Seperti: “Cocok banget. Di English Club, kamu bisa belajar grammar, vocabulary, speaking, dan listening. Banyak kegiatan seru juga, seperti debat, drama, dan storytelling.”

Bayu: “Wah, menarik! Aku jadi pengen daftar.”

Seperti: “Coba aja daftar, Bayu. Kegiatan ekstrakurikuler itu penting banget buat mengembangkan diri kita.”

Bayu: “Iya, selain belajar di kelas, kita juga bisa mengembangkan minat dan bakat kita melalui kegiatan ekstrakurikuler.”

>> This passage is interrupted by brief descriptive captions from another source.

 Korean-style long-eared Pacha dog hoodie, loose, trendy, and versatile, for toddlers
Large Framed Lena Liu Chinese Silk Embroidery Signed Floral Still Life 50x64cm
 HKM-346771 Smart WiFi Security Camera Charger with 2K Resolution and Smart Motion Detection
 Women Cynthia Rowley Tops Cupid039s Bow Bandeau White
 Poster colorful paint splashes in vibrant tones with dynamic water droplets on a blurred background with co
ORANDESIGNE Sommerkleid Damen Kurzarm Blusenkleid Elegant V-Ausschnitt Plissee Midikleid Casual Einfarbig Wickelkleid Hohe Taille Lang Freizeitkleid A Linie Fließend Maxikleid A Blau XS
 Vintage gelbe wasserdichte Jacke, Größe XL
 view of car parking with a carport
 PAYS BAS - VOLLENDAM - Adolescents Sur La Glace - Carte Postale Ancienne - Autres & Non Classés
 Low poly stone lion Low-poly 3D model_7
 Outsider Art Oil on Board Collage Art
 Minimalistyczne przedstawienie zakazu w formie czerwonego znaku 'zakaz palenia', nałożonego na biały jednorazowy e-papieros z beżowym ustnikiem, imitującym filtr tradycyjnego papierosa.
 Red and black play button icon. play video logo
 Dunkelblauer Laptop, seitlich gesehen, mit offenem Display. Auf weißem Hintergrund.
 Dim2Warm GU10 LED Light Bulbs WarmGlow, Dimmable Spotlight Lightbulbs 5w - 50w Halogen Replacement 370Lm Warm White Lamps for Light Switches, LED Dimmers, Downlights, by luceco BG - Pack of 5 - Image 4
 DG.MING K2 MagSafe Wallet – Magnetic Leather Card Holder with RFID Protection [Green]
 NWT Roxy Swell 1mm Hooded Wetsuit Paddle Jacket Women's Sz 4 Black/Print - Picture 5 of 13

Seperti: “Betul sekali. Selain itu, kita juga bisa menambah teman dan pengalaman.”

Bayu: “Aku juga pengen ikut kegiatan yang bisa meningkatkan kemampuan fisikku. Basket kayaknya seru ya?”

Seperti: “Basket itu bagus buat melatih koordinasi, kelincahan, dan kerjasama tim.”

Bayu: “Iya, aku suka banget main basket. Tapi aku belum terlalu jago.”

Seperti: “Nggak masalah. Yang penting kita punya semangat untuk belajar dan berlatih.”

Bayu: “Benar juga. Aku jadi semakin semangat untuk ikut kegiatan ekstrakurikuler.”

Seperti: “Semangat terus ya, Bayu! Manfaatkan kesempatan ini sebaik mungkin.”

Bayu: “Sama-sama, Dika! Kita saling mendukung!”